“Paycheck to Paycheck: The Life and Times of Katrina Gilbert,” provides a deeply personal, unvarnished look at the life of a working, single mother of three. The documentary, released in conjunction with The Shriver Report, shows Katrina working hard—full time, overtime, and even holidays—but even with the support of programs designed to assist her, she struggles to get ahead and provide a better life for her and her family.
Katrina Gilbert is one of 42 million women living in poverty or on the brink of it, trying to be a strong foundation and provider for her family while working in a low-wage position as a nurse’s assistant.
The conversations around how to strengthen families often focuses on personal responsibility or government assistance, which ignores the opportunities that employers have to strengthen American families. Employers, including nonprofits, rely on a front-line low-wage staff to support and serve their clients and customers. They’re hard-working and dedicated, just like Katrina, with dreams and aspirations for themselves and their families. Increasing the emotional, physical and financial well-being of employees, both in and outside of the workplace, is the key to unlocking their full-potential as workers.
Bridging the Gap, a demonstration project of the National Human Services Assembly, assisted a small group of nonprofit sector employers in screening and enrolling front-line human services workers in work supports through their HR function. The demonstration found that employers were an effective channel to connect their low-income workers with the supports they needed. 86% of workers screened through Bridging the Gap (BTG) were eligible for one or more new work supports, and 26% successfully enrolled in one or more new work supports through the program. The BTG external evaluation found that receiving work supports not only improved employees’ personal and family situations, but also provided employers with a return on investment by reducing absenteeism and turnover while increasing productivity and engagement.
NHSA’s 2014 National Collaboration for Families Convening discussed different employer-based services and strategies to help address the needs of low-paid staff, and how these practices can positively impact business metrics, for both employees and employers. Goodwill Industries provides their agencies with a variety of tools and strategies to assist both their employees and those they serve in becoming more financially stable, and Catholic Charities USA is utilizing the Consumer Finance Protection Bureau’s Your Money, Your Goals financial empowerment toolkit to better educate their case management staff.
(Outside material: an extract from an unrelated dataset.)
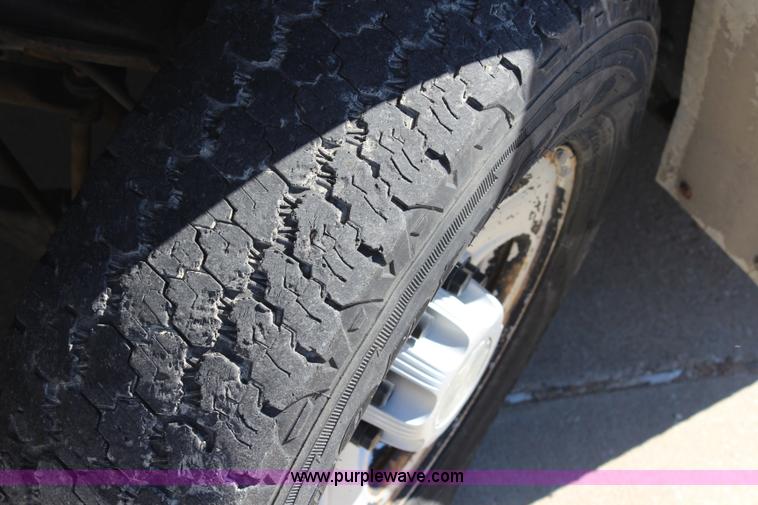 image for item L2269 2008 Chevrolet Silverado 2500HD Ext. Cab pickup truck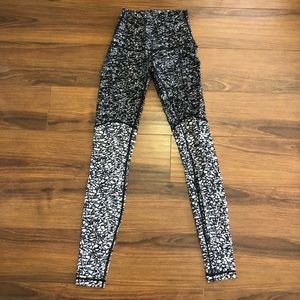 Lululemon Size 4 Black and White Leggings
These employer-based strategies to strengthen the financial stability of families successfully improve the lives of front-line workers, and if widely implemented, could vastly improve the lives of Katrina and millions of women like her. When there’s a proven opportunity to increase the outcomes from the efforts of low-wage workers to provide a better life for their families, it should be a national priority to put those ladder rungs in place for every worker.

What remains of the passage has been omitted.